I have one million points that are distributed randomly across the plane (see diagram below).
I want to move the million points, so they form a 1000×1000 grid, while moving them as little as possible. What mathematical methods can I use to achieve this?
I want to get a grid with distances $h_x$ and $h_y$ as shown here:
On
I don't know the answer, so will start with a simplification, then attempt to move upwards from that...
Consider first the 1 dimensional case, where all the $y$-coordinates are $0$.
If there is only one point at $(x_0,0)$ then it must be trivially moved to $(0,0)$.
If there are two points at $(x_0,0)$ and $(x_1,0)$, then the first must move to $(0,0)$. The second can stay where it is, giving us $h_x=x_1$.
If there are three points at $(x_0,0)$, $(x_1,0)$ and $(x_2,0)$, then it becomes less straightforward. The first must move to $(0,0)$. The second will move to $(h_x,0)$ and the third will move to $(2h_x,0)$.
The distance moved by the first point is unimportant, because it must be moved to $(0,0)$ regardless.
The distance moved by the second point is $|x_1-h_x|$ and the distance moved by the third point is $|x_2-2h_x|$. Probably the best approach is to minimise the sum of the squares of the distances moved.
This will be given by $S=\left(x_1-h_x\right)^2+\left(x_2-2h_x\right)^2=x_1^2-2h_xx_1+h_x^2+x_2^2-4h_xx_2+4h_x^2$
We want to choose the value $h_x$ that minimises this, so solve $\frac {\partial S}{\partial x_h}=0$
$\frac {\partial S}{\partial x_h}=-2x_1+2h_x-4x_2+8h_x$
$-2x_1+2h_x-4x_2+8h_x=0 \Rightarrow 10h_x=2x_1+4x_2 \Rightarrow h_x=\frac{x_1+2x_2}{5}$
If there are $n$ points at $(x_0,0)$, $(x_1,0)$, ... and $(x_{n-1},0)$, then we have the following generalisation: The first must move to $(0,0)$. The second will move to $(h_x,0)$, the third will move to $(2h_x,0)$ and the $k$th will move to $((k-1)h_x,0)$.
The sum of the squares of the distances moved is $S=\left(x_1-h_x\right)^2+\left(x_2-2h_x\right)^2+...+\left(x_{n-1}-(n-1)h_x\right)^2$
$S=\Sigma_1^{n-1} (x_k-kh_x)^2=\Sigma_1^{n-1} (x_k^2-2kh_xx_k+k^2h_x^2)$
$\frac {\partial S}{\partial x_h}=-2\Sigma_1^{n-1} kx_k +2h_x\Sigma_1^{n-1} (k^2)$
Solving $\frac {\partial S}{\partial x_h}=0$ gives $h_x=\frac{\Sigma_1^{n-1} kx_k}{\Sigma_1^{n-1} (k^2)}$
I think that this solves the one-dimensional problem.
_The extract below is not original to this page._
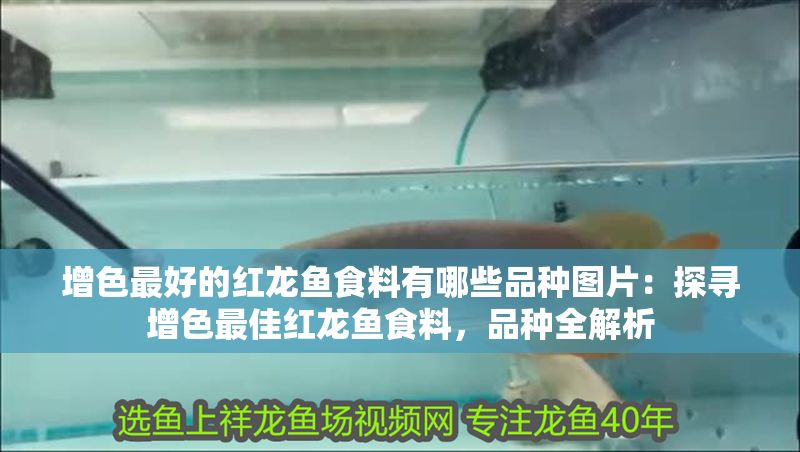 增色最好的紅龍魚食料有哪些品種圖片：探尋增色最佳紅龍魚食料，品種全解析 增色最好的紅龍魚食料有哪些品種圖片：探尋增色最佳紅龍魚食料，品種全解析 龍魚百科 第1張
Moving to two dimensions has one main difficulty. In one dimension it is possible to identify the position of each point in relation to the points immediately before and after it. It doesn't even matter if there are two points with the same value. I can see that ordering the points will be the first complication in moving to two dimensions. Once you achieve that, my method can be easily adapted to two dimensions.
Here is a greedy approach I just thought up. It may work reasonably. This feels to me like on of the NP problems that finding the optimum solution is hard but finding a pretty good one is easy.
Run the leftmost part of your grid through the $500^{th}$ leftmost point and the rightmost part of your grid through the $500^{th}$ rightmost point. Similarly for the top an bottom. That gives you (maybe a trial) $h_x,h_y$ and locates each grid point. Now start from the corners and assign each grid point the closest point not yet used. Work your way into the center. Having made the assignments you can perturb $h_x,h_y$ and the lower left corner of the grid slightly to see if you can make an improvement in the sum of the distances.
You could also try some annealing. Find two points that are assigned to nearby grid points. See if flipping their assignments improves things.